Ancora
non mi è nota nei dettagli la proposta dei sindaci della zona su come
combattere la ‘dipendenza dal gioco d’azzardo’, ma rispetto a quanto sento circolare
ho un'idea un po' diversa di come affrontare tali questioni. Come nel campo
delle droghe o dell'alcool, della prostituzione o del fumo, le politiche
proibizioniste hanno sempre fallito, contribuendo a diffondere queste pratiche
e a favorire il loro uso criminale. Si può sempre nascondere la testa sotto la
sabbia e fingere di non vedere, ma se si vuol essere efficaci - e qui penso a coloro
che ambiscono a 'governare' - occorre accantonare il fumo ideologico e teorie sociologiche
a buon mercato per concentrarsi sui risultati. E i risultati vengono non dalla
lotta senza quartiere verso tali fenomeni con mezzi coercitivi ma con
l'approccio educativo (giovani, genitori, comunità), da una parte, e
tolleranza+contenimento dall'altra, con ciò intendendo che tali fenomeni vanno
in una certa misura messi in conto come ineludibili e regolamentati, contenuti
e confinati. Come per molte altre questioni, che hanno a che fare con il comportamento
umano, non c’è una soluzione valida in assoluto, ma piccoli tentativi e sperimentazioni
sul campo possono dare buoni risultati, per quanto sempre provvisori e imperfetti.
Occorre anche ascoltare chi opera professionalmente nei settori delle dipendenze
e degli abusi prima di lanciarsi in campagne di tipo proibizionistico per
valutarne l’utilità e l’efficacia. C’è un’ultima considerazione che mi preme:
guai a pretendere di formare il ‘cittadino perfetto’, più di un sistema
politico e sociale ci ha provato in passato con esiti disastrosi (comunismo,
fascismo, stato etico-confessionale, stato etnico, ecc.), è invece preferibile accettare
un certo grado di imperfezione – e qui si può discutere dove mettere i paletti
che la definiscono – purché sia confinata nel tempo e nel luogo (ovviamente qui
mi riferisco ad individui adulti, raziocinanti
e liberi).
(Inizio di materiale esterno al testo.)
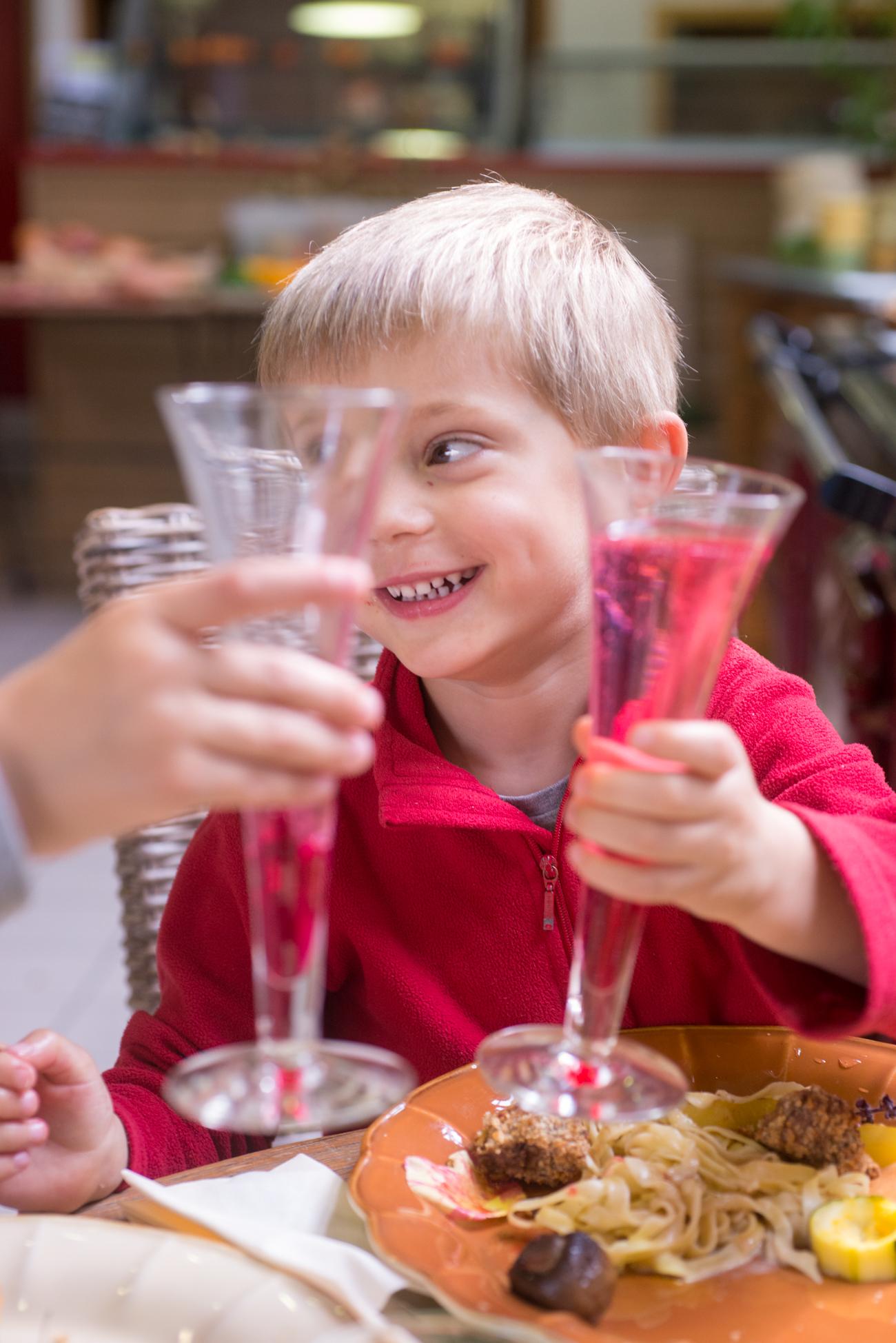 Argoules : enfant au restaurant des jardins de l'abbaye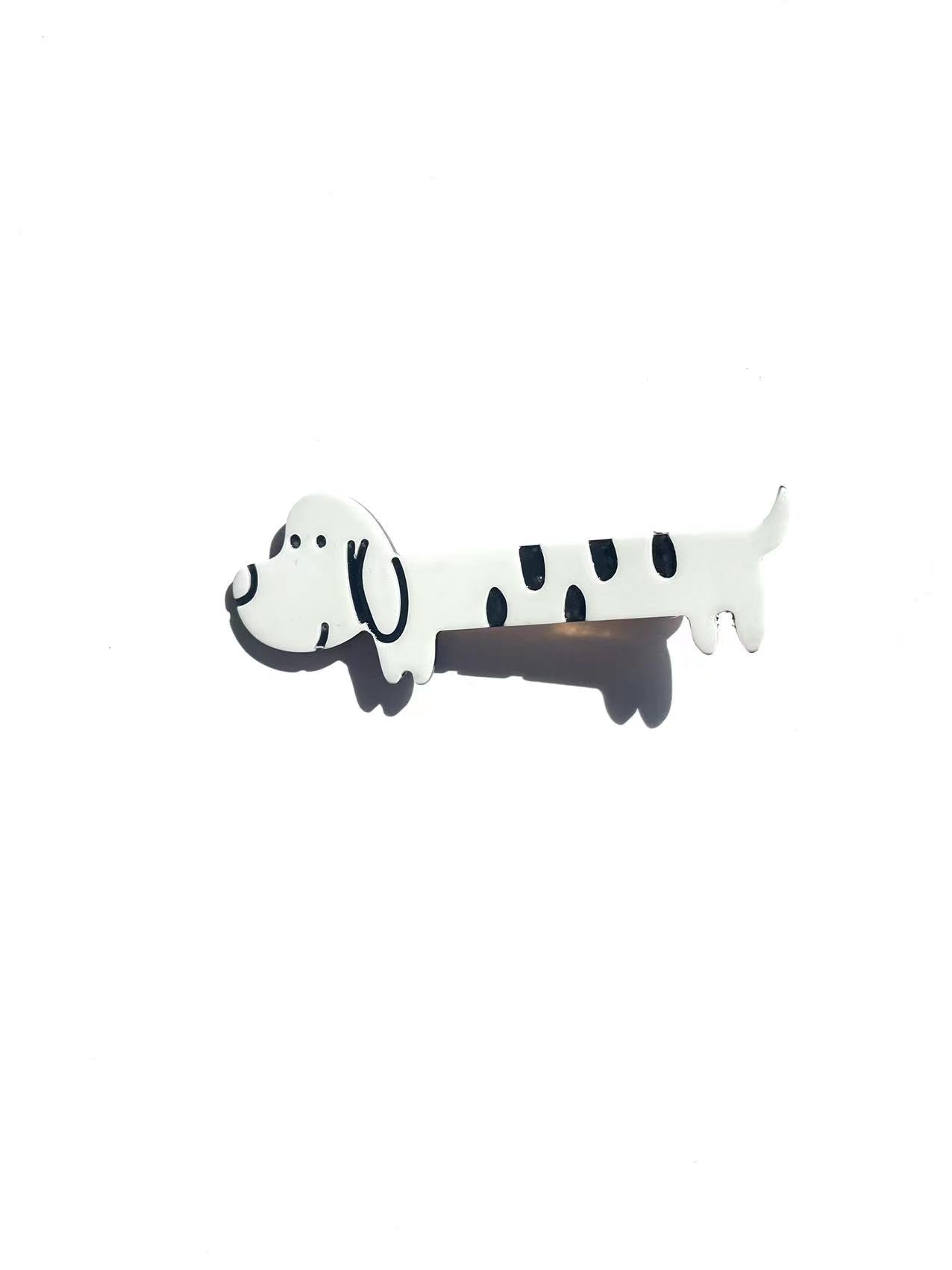 BROWN CURIOUS DOG CLIP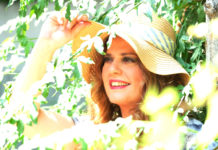 Η Ελένη Τσαλιγοπούλου γίνεται “Κορίτσι και Γυναίκα”, στην Κηφισιά…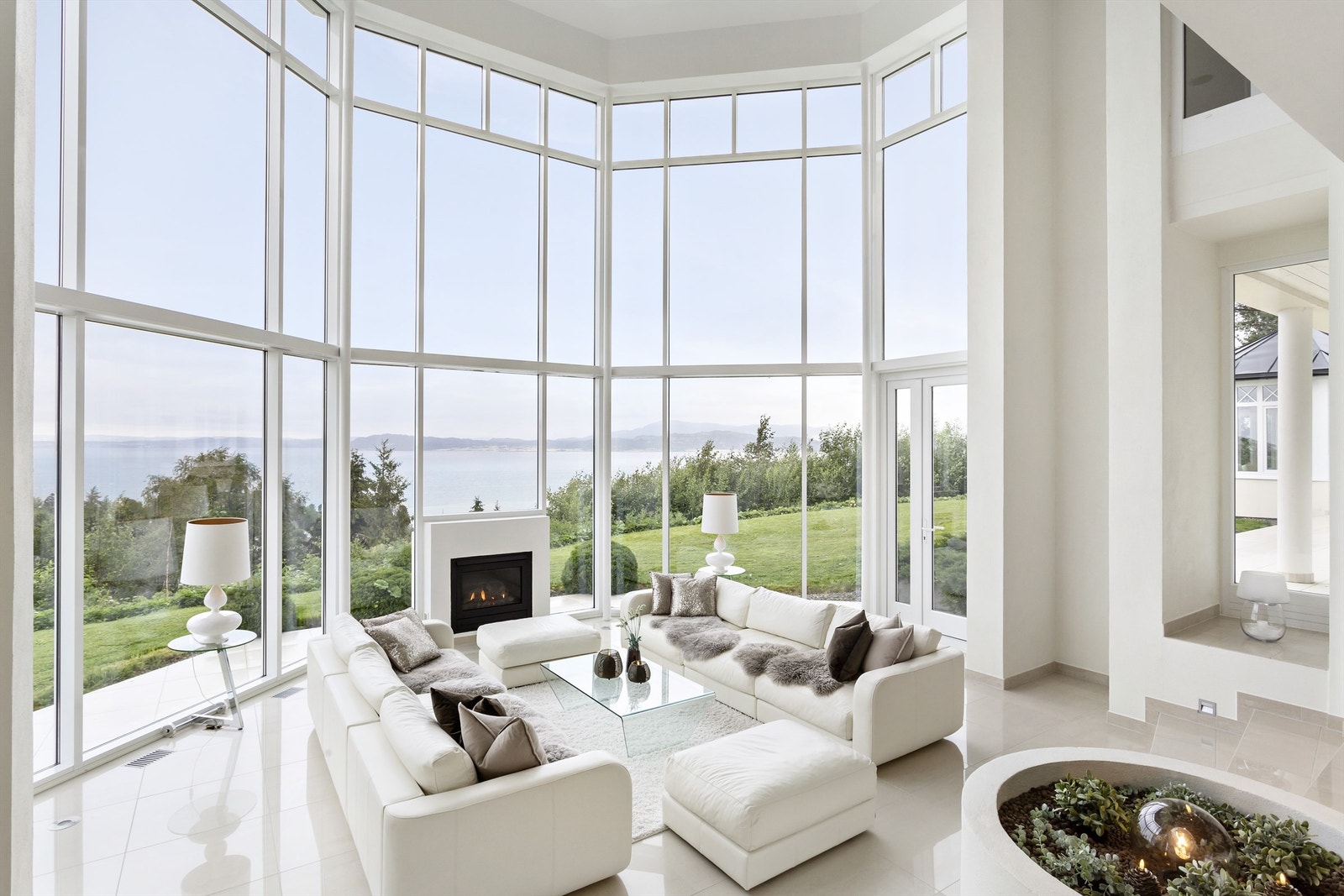 Hovedstuen har høy wow-faktor med glasskarnapp helt opp til mønet. Utsikten over fjorden er spektakulær! Galleribilde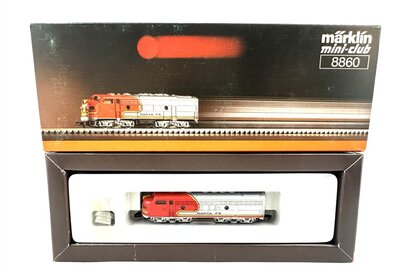 Mrklin 8860 US Diesellok Typ F7 Santa Fe in Spur Z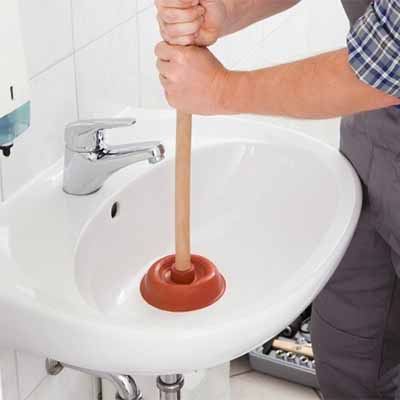 déboucher un évier avec une ventouse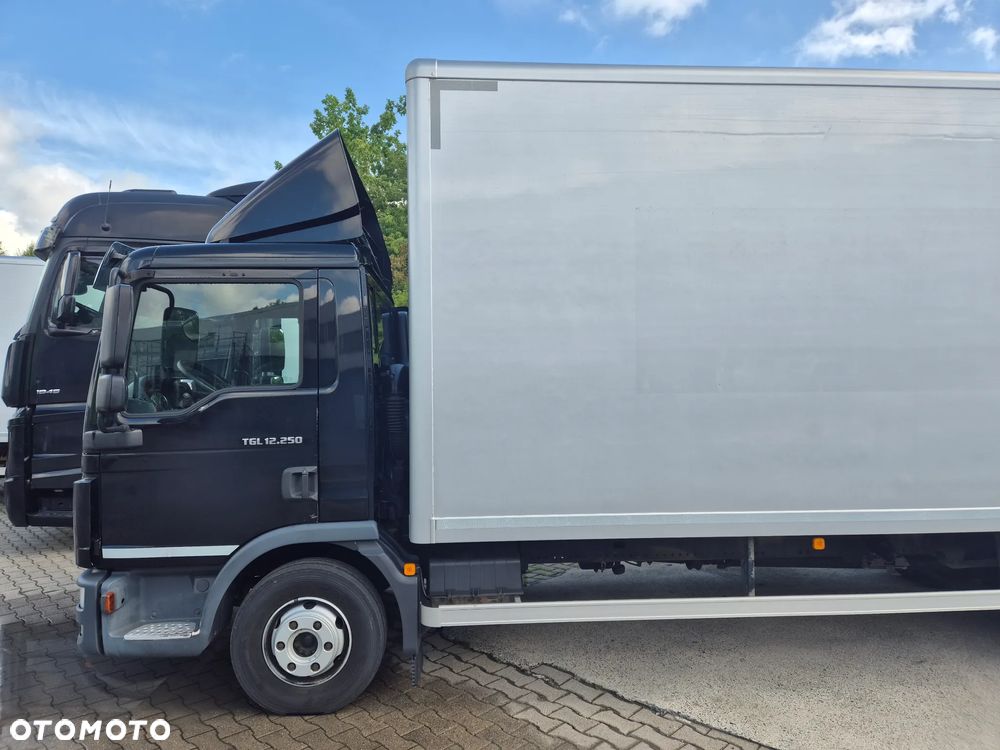 MAN TGL 12.250 3 osobowy oryginał 6.2m 7.6m HAK AUTOMAT KLIMA 12000kg ESP EURO 6 / TOP STAN / okazja nauka jazdy MOŻLIWOŚĆ DOSTOSOWANIA elka - 3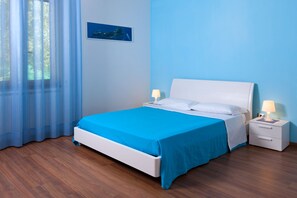 Standaard tweepersoonskamer, balkon | Luxe beddengoed, donzen dekbedden, een strijkplank/strijkijzer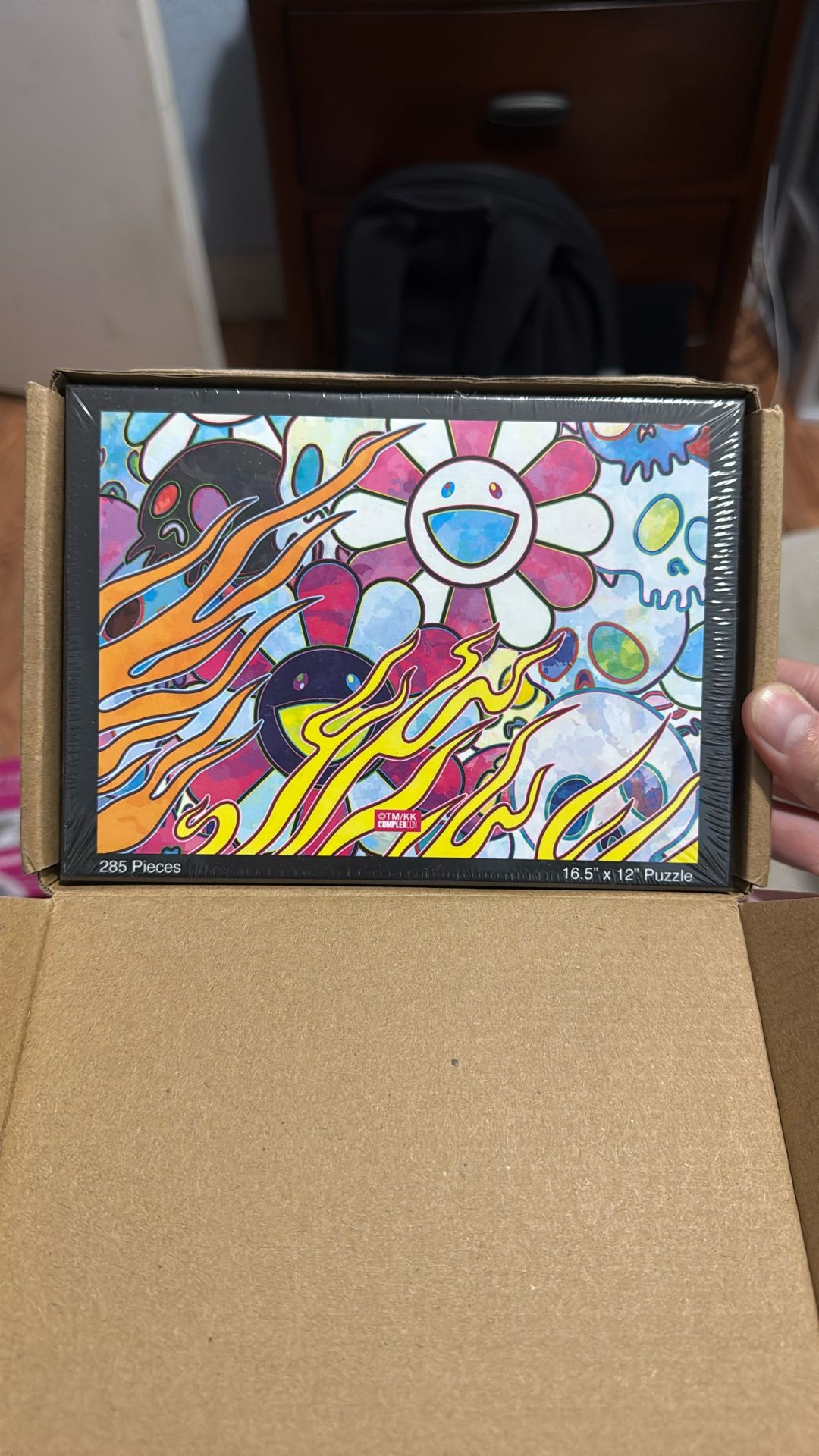 Murakami Flying Skulls And Flowers Puzzle (285 Pieces)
P.S. Il campo della discussione è piuttosto difficile e insidioso,
ho espresso un punto di vista più come ipotesi di lavoro che come convinzione
profonda, perciò aspetto con il massimo interesse i contributi che altri
vorranno dare.
La dipendenza è una malattia (ludopatia...) ma lucrare sulla dipendenza è "rubare": lo fanno i trafficanti di sostanze, ma lo ha fatto anche chiunque al governo ha favorito il business delle sale da gioco o, in varie occasioni, non si è opposto, lasciando che il mercato degenerasse ai noti livelli. Certo l'approccio educativo, soprattutto attraverso progetti in collaborazione con la scuola, è il solo efficace nel lungo periodo, ma un paletto, un segnale in controtendenza rispetto a quanto si è visto in precedenza, rientra anch'esso nell'educazione alla legalità.
RispondiElimina98 MLD di € condonati ai concessionari -altro che IMU, 4 MLD, o i 7,5 MLD regalati alle banche-. Oltre al danno sociale si deve sommare anche il costo economico che la ludopatia comporta. Si è riusciti ad allontanare le slot dalle scuole nel raggio di 500m., meno male. Per non parlare di un certo Francesco Corallo, con qualche problema giudiziario che delle slot machine è il re, con un giro di affari di 30 MLD di €. anche lui condonato (ci mancherebbe) dal governo Letta-nipote. I Governi degli ultimi anni hanno infestato di giochi e giochini il Suolo Patrio tanto da far diventare questo Paese una piccola (?) Las Vegas dove lo Stato funge da biscazziere incallito. E' molto più comodo inventarsi giochi piuttosto che lavoro. Soldi sporchi, pochi, maledetti ma immediati.